Terlepas kebijakan pemerintah tentang penanaman modal usaha, termasuk pembuatan minuman keras atau miras di Papua, daerah ini punya cerita sendiri bagaimana masyarakat mengenal minuman keras hingga miras sebagai minuman persaudaraan.
Peneliti Balai Arkeologi Papua, Hari Suroto mengatakan minuman keras atau miras sudah ada di Papua sejak masa prasejarah. Mengutip Peter Bellwood dari Australian National University dalam buku Man Conquest of the Pacific: The Prehistory of South East Asia and Oceania (1978), ada orang berbahasa Austronesia dari Asia yang datang ke pesisir Papua sekitar 3000 tahun yang lalu.
“Merekalah yang mengenalkan minuman beralkohol dan memberikan pengetahuan membuat minuman beralkohol hasil sadapan pohon aren, pohon nipah, atau pohon kelapa,” kata Hari Suroto kepada Tempo, Ahad 28 Februari 2021. Suku-suku di Papua punya sebutan, makna, dan kebiasaan berbeda dalam mengkonsumsi minuman keras.
Suku Maybrat di Ayamaru, Papua Barat, terbiasa minum arak atau dalam bahasa setempat disebut dengan ara dju. Suku Maybrat minum arak dalam pesta atau jika ada tamu. Arak buatan Suku MayBrat berasal dari sadapan pohon aren. Masyarakat daerah utara Danau Ayamaru, Kabupaten Maybrat, Papua Barat, menyebut arak dengan istilah djy atau tuwoq. “Asalnya dari bahasa Melayu, tuwak,” kata Hari Suroto.
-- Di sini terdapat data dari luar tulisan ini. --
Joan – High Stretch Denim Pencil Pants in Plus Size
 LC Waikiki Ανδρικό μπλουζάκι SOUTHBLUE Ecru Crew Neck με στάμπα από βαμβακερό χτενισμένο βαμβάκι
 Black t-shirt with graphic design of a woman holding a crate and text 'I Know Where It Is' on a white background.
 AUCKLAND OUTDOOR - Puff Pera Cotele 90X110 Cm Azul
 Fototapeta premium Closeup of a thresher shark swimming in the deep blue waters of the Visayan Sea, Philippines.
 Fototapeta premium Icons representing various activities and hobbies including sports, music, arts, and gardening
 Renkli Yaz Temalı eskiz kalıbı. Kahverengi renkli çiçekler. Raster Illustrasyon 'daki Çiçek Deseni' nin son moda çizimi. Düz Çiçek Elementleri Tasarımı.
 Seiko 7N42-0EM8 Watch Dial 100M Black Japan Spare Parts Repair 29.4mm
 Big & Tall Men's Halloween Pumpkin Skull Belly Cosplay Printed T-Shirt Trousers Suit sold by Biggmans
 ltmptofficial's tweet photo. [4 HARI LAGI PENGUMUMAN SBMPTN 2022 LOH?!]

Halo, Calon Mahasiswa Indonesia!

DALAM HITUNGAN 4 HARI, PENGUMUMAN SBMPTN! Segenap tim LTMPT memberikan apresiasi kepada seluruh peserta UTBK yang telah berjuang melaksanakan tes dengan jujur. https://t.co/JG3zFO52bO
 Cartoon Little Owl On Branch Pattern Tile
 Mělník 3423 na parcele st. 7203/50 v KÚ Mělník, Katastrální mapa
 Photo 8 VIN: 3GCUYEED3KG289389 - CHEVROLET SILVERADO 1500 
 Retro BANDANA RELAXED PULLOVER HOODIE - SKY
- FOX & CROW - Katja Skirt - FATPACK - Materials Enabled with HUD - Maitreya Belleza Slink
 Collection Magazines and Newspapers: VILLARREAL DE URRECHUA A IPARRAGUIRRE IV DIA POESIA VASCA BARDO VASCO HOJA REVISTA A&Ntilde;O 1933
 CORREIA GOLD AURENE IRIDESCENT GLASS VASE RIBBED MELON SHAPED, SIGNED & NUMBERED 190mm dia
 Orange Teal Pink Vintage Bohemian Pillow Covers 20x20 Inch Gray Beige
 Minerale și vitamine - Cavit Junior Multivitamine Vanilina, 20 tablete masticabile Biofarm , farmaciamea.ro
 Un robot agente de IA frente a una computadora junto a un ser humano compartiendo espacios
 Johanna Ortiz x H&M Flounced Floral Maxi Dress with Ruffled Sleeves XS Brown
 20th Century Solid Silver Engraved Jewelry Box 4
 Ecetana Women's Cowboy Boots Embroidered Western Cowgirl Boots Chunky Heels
Sementara Suku Tehit di Teminabuan, Sorong, Papua Barat punya sagero yang merupakan minuman persaudaraan. Minuman sagero berasal dari sadapan pohon aren. Ada pula Suku Sentani di Waena, Jayapura, minuman tuak atau sagero yang disadap dari pohon kelapa.
Lain halnya di Nabire, minuman keras atau miras lokal terbuat dari nira nipah. Di Nabire, minuman ini dikenal dengan nama bobo. Miras dari nira pohon aren, pohon kelapa, atau pohon nipah di Papua dikenal sebagai milo atau miras lokal. Sedangkan oplosannya disebut boplas atau minuman botol plastik.
Jika tadi adalah sejarah minuman keras tradisional di Papua, ada pula silsilah minuman keras modern yang dikenalkan oleh pasukan Amerika, Belanda, dan Australia, pada Perang Pasifik tahun 1944. Jayapura atau Hollandia saat itu, oleh Amerika dijadikan sebagai Basis G, markas militer komando untuk wilayah Pasifik Barat Daya. Di sana terdapat sembilan galangan kapal, fasilitas militer, rumah sakit, gudang, toko, dan tentu saja tempat hiburan.
Hari Suroto yang juga dosen arkeologi Universitas Cendrawasih, Papua, ini melanjutkan, musuh mereka adalah pasukan Jepang yang membawa miras produk sendiri, yang dikenal dengan sake.